From Tool Access to Workflow Orchestration

EMQX has been building the foundation for AI agents on MQTT across multiple releases. The MCP Bridge Plugin lets AI agents invoke tools on IoT devices through the broker. MCP over MQTT extends this with service discovery and load balancing. The A2A-over-MQTT specification defines how agents discover each other and delegate tasks. And the A2A Agent Registry in EMQX 6.2 makes agent discovery a managed, validated, broker-native capability.

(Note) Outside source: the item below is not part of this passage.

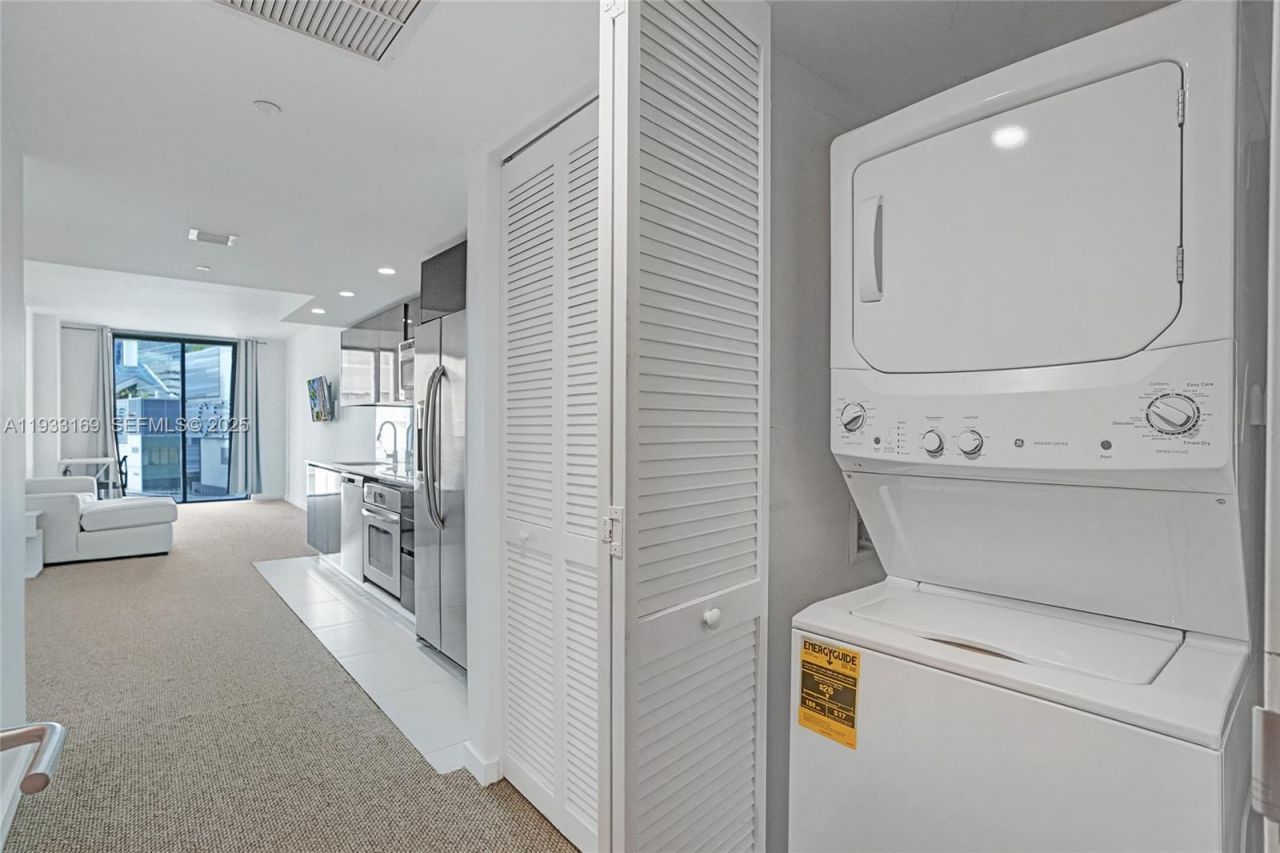 31 SE 6th St , Unit 805, Miami, FL 33131 Photo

The agent-per-device architecture described in this post builds the next layer: workflow orchestration. MCP gives agents "hands": the ability to interact with physical devices. The A2A Registry gives agents "identity": validated, discoverable presence on the broker. What's been missing is the "brain," the coordination logic that composes these interactions into multi-step workflows with dependencies, fan-out, fan-in joins, and fault recovery.

Today, that orchestration layer lives in application code. Projects like Skitter, an open-source Python framework that implements the self-coordinating workflow pattern described in this post over the A2A-over-MQTT topic scheme, demonstrate that it works with standard MQTT v5 primitives on an EMQX broker. But the architectural direction is clear: as each coordination concern moves from application code into the broker platform, the system gets simpler to operate and harder to break. Discovery moved into the broker with the A2A Registry. Workflow orchestration is the natural next candidate.

When you combine all these layers over a single MQTT broker, you get a system where a device agent can detect an anomaly (telemetry over MQTT), invoke diagnostic tools on the device (MCP over MQTT), request analysis from a specialist agent (A2A over MQTT), and trigger a multi-step maintenance workflow (orchestration over MQTT). All through the same protocol, the same broker, and the same security model. One operational surface area, and increasingly, one platform.

The Bigger Picture

The IoT industry spent years building infrastructure for devices to report data upward. The AI agent era inverts that flow: intelligence moves to the edge, agents reason locally, and coordination happens laterally between peers rather than through a central command-and-control layer.

The infrastructure that connects your devices today is the same infrastructure that will coordinate the agents managing them tomorrow. The platform is already there. The patterns are proven. What remains is making it turnkey.